Rigel wanted to put his face in his hands. Instead he took a good swallow of wine and tried to remember how they’d gotten to the point of naming the whole world after him. Rita was more alert. “So they’re not all settling by the lake.”

“Perhaps a fourth, just now”, Rosalina replied. “Half, when all the places being settled are filled.

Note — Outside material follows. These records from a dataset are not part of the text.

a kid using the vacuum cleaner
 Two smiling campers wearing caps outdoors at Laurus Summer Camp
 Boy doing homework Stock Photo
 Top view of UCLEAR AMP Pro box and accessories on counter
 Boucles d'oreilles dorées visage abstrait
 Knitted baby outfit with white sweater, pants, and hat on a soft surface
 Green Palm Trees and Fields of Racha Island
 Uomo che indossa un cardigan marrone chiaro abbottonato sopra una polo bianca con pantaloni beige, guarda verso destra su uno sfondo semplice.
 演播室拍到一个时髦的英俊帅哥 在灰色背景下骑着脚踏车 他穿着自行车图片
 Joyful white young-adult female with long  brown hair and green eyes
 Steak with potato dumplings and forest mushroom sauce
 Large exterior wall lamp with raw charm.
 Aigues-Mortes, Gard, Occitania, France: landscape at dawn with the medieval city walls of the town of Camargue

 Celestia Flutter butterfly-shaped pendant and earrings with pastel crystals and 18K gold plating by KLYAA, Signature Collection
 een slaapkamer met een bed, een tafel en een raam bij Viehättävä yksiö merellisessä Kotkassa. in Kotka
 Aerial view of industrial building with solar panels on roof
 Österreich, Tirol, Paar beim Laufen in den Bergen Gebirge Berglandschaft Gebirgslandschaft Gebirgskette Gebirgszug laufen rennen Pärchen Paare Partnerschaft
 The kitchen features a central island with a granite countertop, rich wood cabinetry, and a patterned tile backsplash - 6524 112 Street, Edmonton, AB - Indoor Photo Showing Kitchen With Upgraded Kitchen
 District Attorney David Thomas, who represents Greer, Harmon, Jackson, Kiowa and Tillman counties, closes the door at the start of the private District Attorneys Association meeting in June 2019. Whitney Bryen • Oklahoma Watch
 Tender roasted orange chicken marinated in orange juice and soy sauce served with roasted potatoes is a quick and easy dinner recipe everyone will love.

But”, she reminded them, “there are more places.”

“So you have to go south, toward the British”, Rita concluded. “We saw hills there, too.”

“Wells”, Tanner said abruptly. “The savanna is fine, except for water. Anaph, you could tell where there’s water for a well, right?”

Anaph nodded. “Water means life. But there’s a problem – I don’t know how to tell how many wells it’s safe to drill.”

“I think ‘dig’ is the right word”, Austin corrected. Rigel could almost here the unspoken “dude” at the end.

But Tanner shook his head. “Turn Ryan’s train engine on it’s side and you can drill.” A thought made him pause. “Through dirt, anyway – rock takes tough steel.”

“Rita, don’t let me forget we’ve got a trip to an ancient city to do”, Rigel said. “Maybe all that shiny metal Osvaldo told us about will do the trick.”

“I’m a Wise Woman, not your secretary”, she teased. “Rosalina, that city’s been there as long as anyone knows?” Lady Escobar nodded. “At least a thousand years, then”, Rita mused out loud. “The Celts would have noticed if there’d been a living city down there when they arrived. Whatever else it was built of is gone, I think – or are there mounds where buildings were?”

Lady Escobar frowned. “Mounds, I don’t know. But the accounts say the ground is rough where the metal rises to the sky. Lady Rita, Lord Rigel, do not be careless, if you go there.”

“Rough ground – everything fell”, Austin concluded, “and just made piles. If it could rot, it rotted by now. If it couldn’t, it’s still there all jumbled.”

Tanner had leaned forward, intense. “Floor and wall slabs in a big mess. That means lots of hiding space – or living space.” Rigel’s top military man scowled. “Rigel, did Ryan ever get flame throwers working?”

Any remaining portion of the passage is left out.